US urged to nullify states’ pot laws


Associated Press

CHICAGO

Eight former U.S. drug chiefs warned the federal government Tuesday that time is running out to nullify Colorado and Washington’s new laws legalizing recreational marijuana use, and a United Nations agency also urged challenges to the measures it says violate international treaties.

The former Drug Enforcement Administration chiefs criticized Barack Obama’s administration for moving too slowly to file a lawsuit that would force the states to rescind the legislation. Marijuana is illegal under federal law.
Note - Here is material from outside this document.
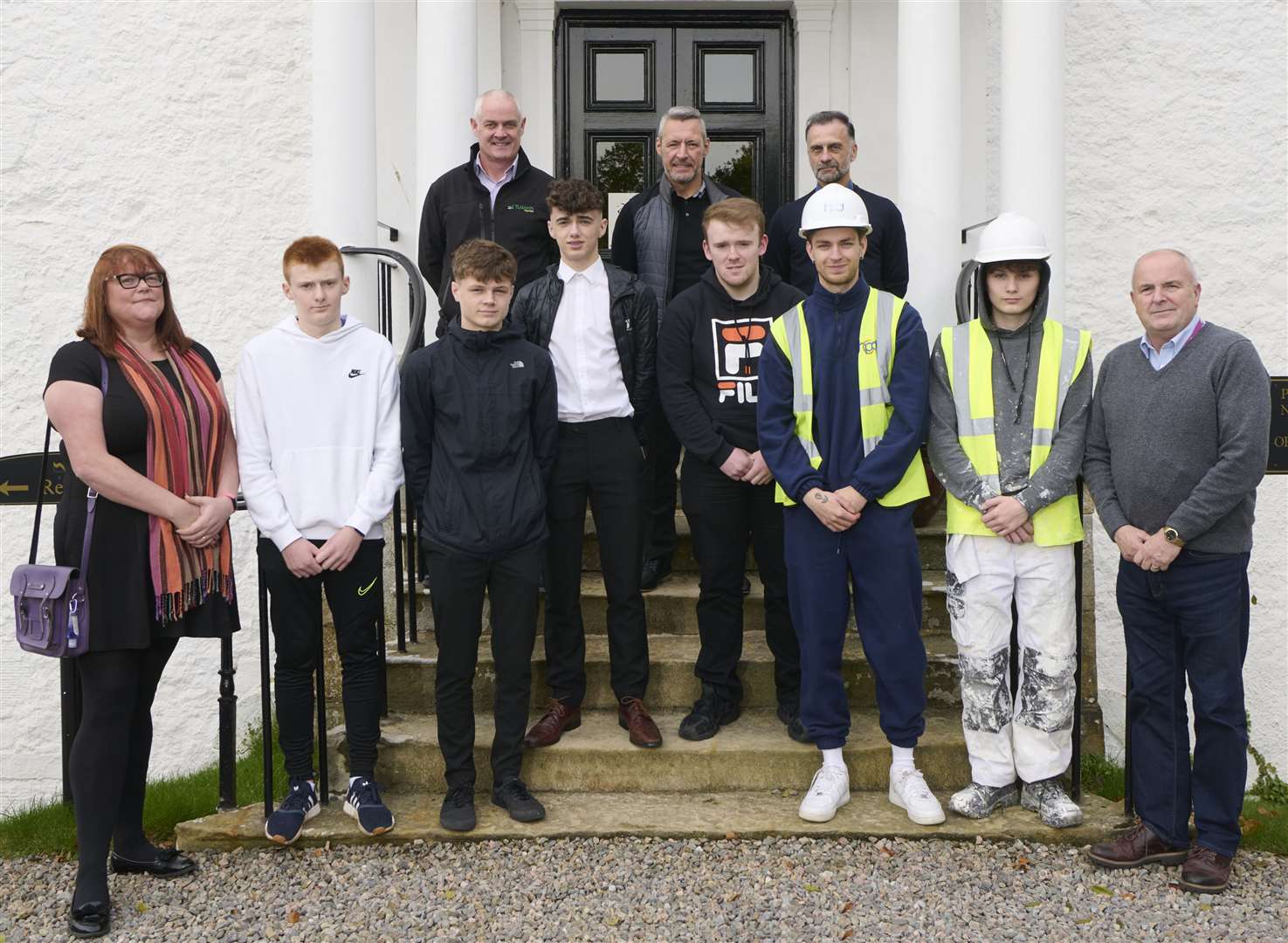 Tulloch Homes new starts and their mentors. Back row from left: Hugh MacGillivray, Gordon Macallister and Dave Macdonald. Front from left: Pauline Tuthill (Inverness College UHI), apprentices Scott Cameron, Arran Legge, Ronnie Fraser, Ewan Bremner, Riley Barclay and Dylan Lowry with David Patience (Inverness College UHI).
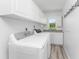 Functional laundry room with white washer and dryer, storage cabinets, and wood-look flooring at 2244 Meetze St, Port Charlotte, FL 33953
“My fear is that the Justice Department will do what they are doing now: do nothing and say nothing,” former DEA administrator Peter Bensinger told The Associated Press in an interview Monday. “If they don’t act now, these laws will be fully implemented in a matter of months.”

Bensinger, who lives in the Chicago area, said if the federal government doesn’t sue the states immediately, it will risk creating “a domino effect” in which other states legalize marijuana, too.

The statement from the DEA chiefs came the same day the International Narcotics Control Board, a U.N. agency, made its appeal in an annual drug report, calling on federal officials to act to “ensure full compliance with the international drug- control treaties on its entire territory.”

A lawyer who led Washington’s legalization campaign said the focus should be on reconciling the Colorado and Washington votes with federal law and treaty obligations.

“Ultimately, we do need to see these laws and treaties change,” Alison Holcomb said Tuesday. “We’re not going to get resolution overnight.”